De este mismo sentimiento de inmortalidad participa la gran
escritora catalana Mercedes Salisachs. Le pegunta Gironella: “¿Cree usted que
hay en nosotros algo que sobrevive a la muerte corporal?”. Y responde la
novelista con pleno convencimiento: “Más aún: creo que somos totalmente
inmortales, ya que, excluido el período de separación entre el alma y el
cuerpo, una vez resucitados, también el cuerpo tendrá derecho a la
inmortalidad. Además, añade la señora Salisachs, Cristo lo dice bien claramente
en el Evangelio al referirse al Padre: “El Dios de Abraham es un Dios de vivos,
no de muertos”. Así que creo firmemente en la resurrección de la carne y en la
inmortalidad”.
La novelista catalana lleva la supervivencia a su máxima y
auténtica dimensión, la resurrección de los cuerpos. Y basa su razonamiento en
la cita bíblica originada en el Antiguo Testamento y repetida en el Nuevo
Testamento, de que Dios es un Dios de vivos. La inmortalidad, pues, se impone,
a menos que dejemos a Dios, al final de los tiempos, reinando sobre un mundo de
cadáveres.
El alma parte a gozar la presencia de Dios desde el instante
mismo de la muerte. Pero también el cuerpo se levantará un día transformado por
el poder de la resurrección y habitará eternamente en los dos lugares de
duración eterna que la Biblia señala en el más allá. ¿Cómo? El hecho sigue
siendo un misterio que Dios revelará plenamente en su día. San Pablo no lo
explica, ero lo cree y lo proclama: “He aquí – dice-, os digo un misterio: no
todos dormiremos; pero todos seremos transformados, en un momento, en un abrir
y cerrar de ojos, a la final trompeta; porque es necesario que esto corruptible
se vista de incorrupción, y esto mortal se vista de inmortalidad, entonces se
cumplirá la palabra que está escrita: Sorbida es la muerte en victoria”
(1ªCoritnios 15:51-54)
En otro lugar de la Biblia, el apóstol aclara que la
transformación de los cuerpos muertos, desechos, convertidos en polvo, comidos
por las fieras, devorados por los peces, incinerados en los crematorios, será
llevada a cabo por el mismo Jesucristo. “Nuestra ciudadanía – escribe- está en
los cielos, de donde también esperamos al Salvador, al Señor Jesucristo; el
cual transformará el cuerpo de la humillación nuestra, para que sea semejante
al cuerpo de la gloria suya, por el poder con el cual puede también sujetar a
sí mismo todas las cosas” (Filipenses 3:20-21)
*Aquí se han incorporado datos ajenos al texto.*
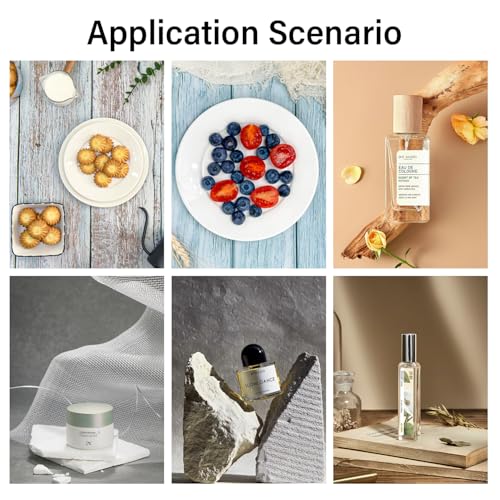 Photo Backdrop 10Pcs 20Patterns Small Product Photography Backdrops Kit Food Photography Backdrop Board Double-Sided Table Top Backdrop Kit Flat Lay Props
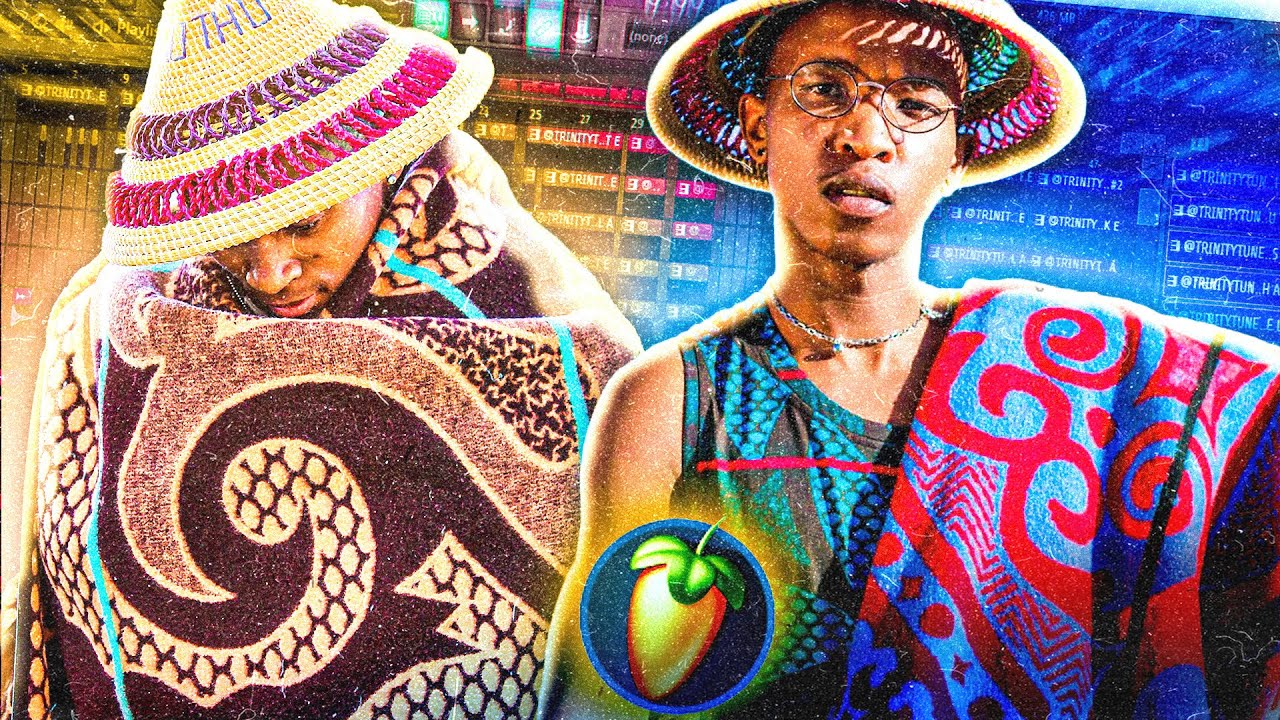 Deejay Zaca Making Beats for Ntate Stunna In FL Studio!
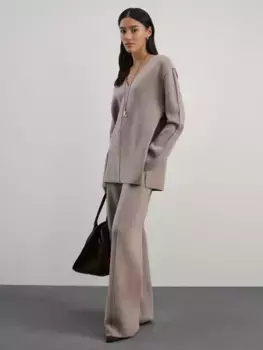 Брюки утеплённые с отстрочками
No hace falta más. El poder mostrado por Dios en la creación
del mundo; el poder que movió su corazón para enviar al Hijo a redimirnos; el
poder de la Cruz vencida y de la tumba abierta, entrará en actividad de nuevo a
la hora de resucitar los cuerpos muertos. Y este poder – poder bendito-
presidirá la continuación de la vida al otro lado de esta enorme muralla física”.